Monday, February 28, 2005

Solomon Burke: Rock'n'Roll Adam

There is a piece on Solomon Burke's new record at rollingstone.com. He got some help (and some songs) from some Advanced people:

"I knocked this album up a couple of notches," Solomon Burke says of his latest effort, Make Do with What You Got, which hits stores March 1st. The record, the follow-up to the soul legend's high-profile 2002 return Don't Give Up on Me, finds the singer, velvety baritone intact, belting songs by the Rolling Stones, Bob Dylan, Van Morrison and Hank Williams.

His cover of Williams' high-minded "Wealth Won't Save Your Soul" feels commanding through Burke's husky croon. "I got a chance to express the feeling of Hank Williams like nobody else could in his own country spirit," he says. "And I got a chance to say, 'Gosh, Hank, we miss you.'"

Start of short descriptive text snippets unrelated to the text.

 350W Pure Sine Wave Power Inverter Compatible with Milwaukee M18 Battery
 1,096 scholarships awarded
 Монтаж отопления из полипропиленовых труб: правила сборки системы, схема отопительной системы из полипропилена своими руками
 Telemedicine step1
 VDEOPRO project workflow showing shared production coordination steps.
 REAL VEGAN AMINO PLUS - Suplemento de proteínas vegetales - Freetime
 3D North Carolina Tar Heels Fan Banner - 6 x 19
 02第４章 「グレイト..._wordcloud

While Don't Give Up felt like an intimate secret, earnest and brooding, Make Do is celebratory and rocking, with organs and electric guitar prominent in the mix. The up-tempo sound is due both to production work by veteran Don Was (the Rolling Stones, Bonnie Raitt) and Burke's survivor mentality.

"When you think of someone like myself -- with five decades in this business, sixty-five years old with twenty-one children and seventy-four grandchildren and thirteen great grandchildren -- I've already said [to fans], 'Don't give up on me,'" says the longtime preacher and Rock & Roll Hall of Famer. "And you have to have the faith and strength yourself to say, 'I'm not giving up on me. I'm going to continue.'"
-----------
It blows my mind that Solomon Burke is responsible for the existence of 108 people.